Si potrebbe quindi ipotizzare che un soggetto fortemente convinto della veridicità di una bufala, magari perché condivisa da soggetti che la pensano come lui e condividono la sua echo chambermesso alle strette dal rigore del debunker possa reagire in maniera opposta a quanto atteso, addirittura in maniera aggressiva, rifiutando di cambiare idea.

 

É possibile mettere alla prova questa ipotesi? Si, ed è quello che ha fatto questo articolo, uscito su PLOS One e firmato da un team internazionale guidato da Walter Quattrociocchi, dell’Università Ca’Foscari di Venezia.

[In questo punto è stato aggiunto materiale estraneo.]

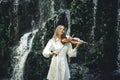 Beautiful Caucasian woman playing violin near waterfall. Music and art concept. Charming female wearing white dress in nature. Royalty Free Stock Photo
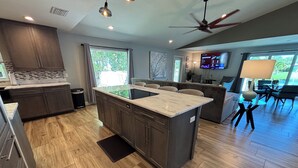 A modern kitchen with a central island, wooden flooring, and a dining area with a round table and chairs.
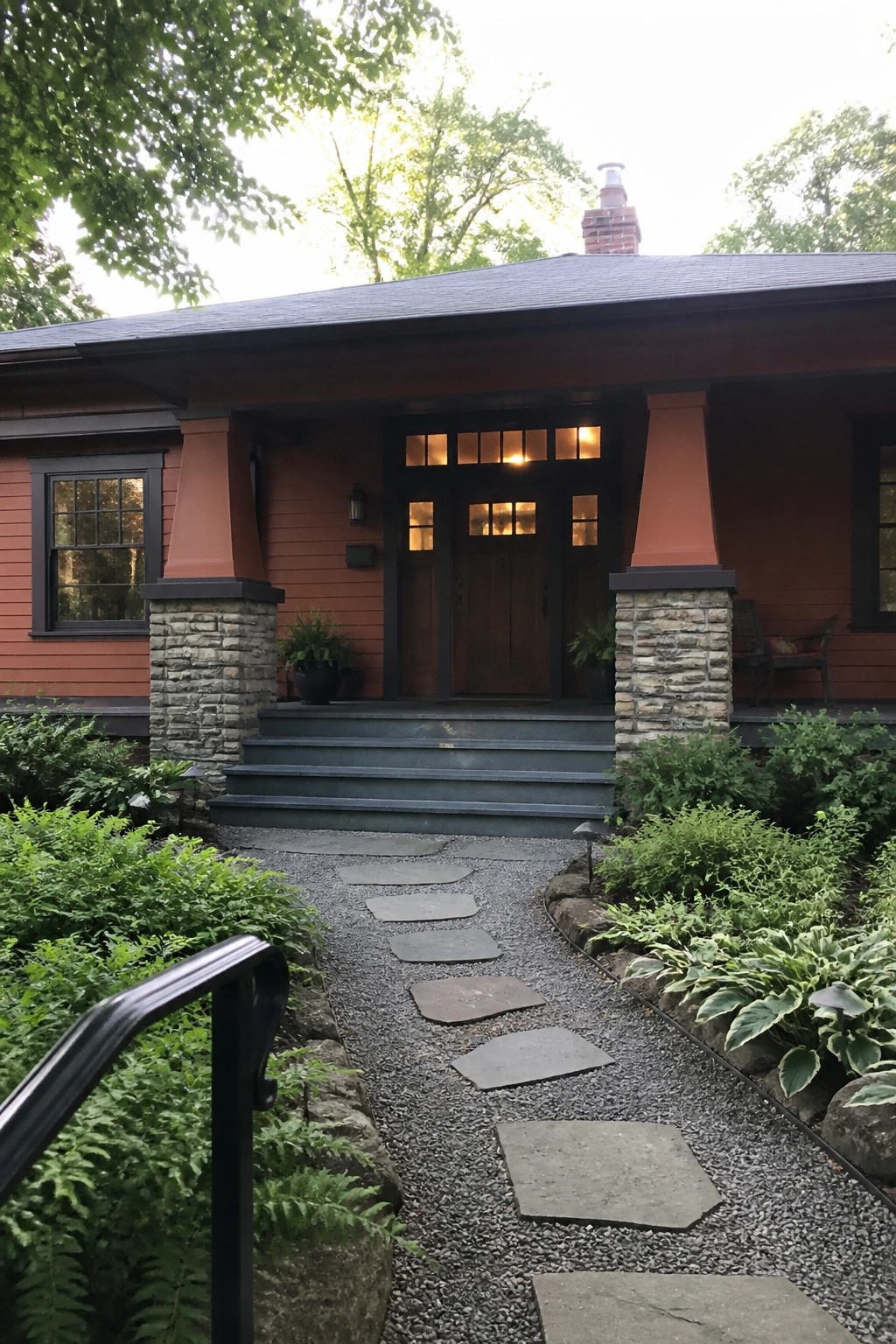 Red house with stone pillars, dark door, and gravel path amid greenery.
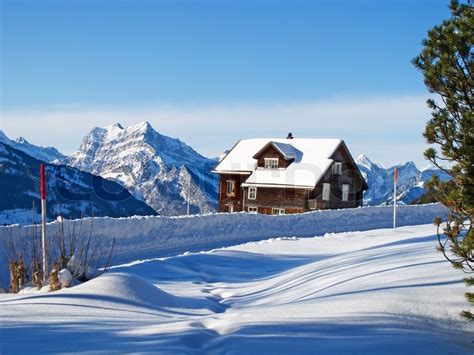 Winter Holiday House In Swiss Alps Stock Photo Colourbox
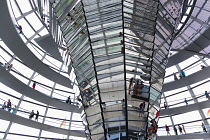 Germany, Berlin, Mitte, Tiergarten, interior of the glass dome on the top of the Reichstag building designed by architect Norman Foster with a double-helix spiral ramp around the mirrored cone that re...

Sono stati analizzate le attività (Like, commenti e condivisioni) su Facebook US di oltre 54 milioni di utenti nel lasso di tempo di cinque anni, su un database di pagine divise fra pagine a tema scientifico e pagine di controinformazione. Una prima analisi quantitativa ha consentito di dimostrare una polarizzazione fra utenti che svolgono preferenzialmente attività riguardanti le pagine scientifiche (pro-science) e utenti che le svolgono nei confronti delle pagine di controinformazione (pro-conspiracy). In breve, i due gruppi di utenti tendono a interagire preferenzialmente tra di loro e tra le loro pagine di riferimento, piuttosto che con membri o pagine del gruppo opposto, confermando così l’esistenza delle echo chambers. In aggiunta, sono stati valutati i commenti e le attività dei soggetti del gruppo “pro-conspiracy” in risposta a post provenienti da pagine che si occupano di debunking, evidenziando una prevalenza netta di contenuti negativi: in pratica, i soggetti che credono a teorie del complotto e bufale tendono a reagire negativamente sui social se esposti a post di debunking. Non solo, ma è anche stata riscontrata, per questi soggetti, una aumentata attività nelle loro pagine “di riferimento” a seguito dell’esposizione: come se l’esposizione alle smentite li avesse ulteriormente irrigiditi nelle loro posizioni.

 

Morale della favola? Intanto che l’approccio del debunking non solo non è efficace a far cambiare idea, ma potrebbe anche essere dannoso; e secondariamente che esiste anche una scienza di raccontare la scienza, e persino una scienza di difenderla. Divulgatori scientifici non ci si improvvisa e l’articolo si conclude infatti con un invito, da parte degli autori, ad adottare strategie di divulgazione più morbide, per abbattere i muri tra le camere di risonanza in cui le bufale proliferano. Un monito che dovrebbe risuonare nelle menti di tanti auto-proclamati “paladini della scienza”, che proprio alla luce di dati scientifici sembrano fare più danno che altro allo sviluppo di un dibattito sano ed efficace.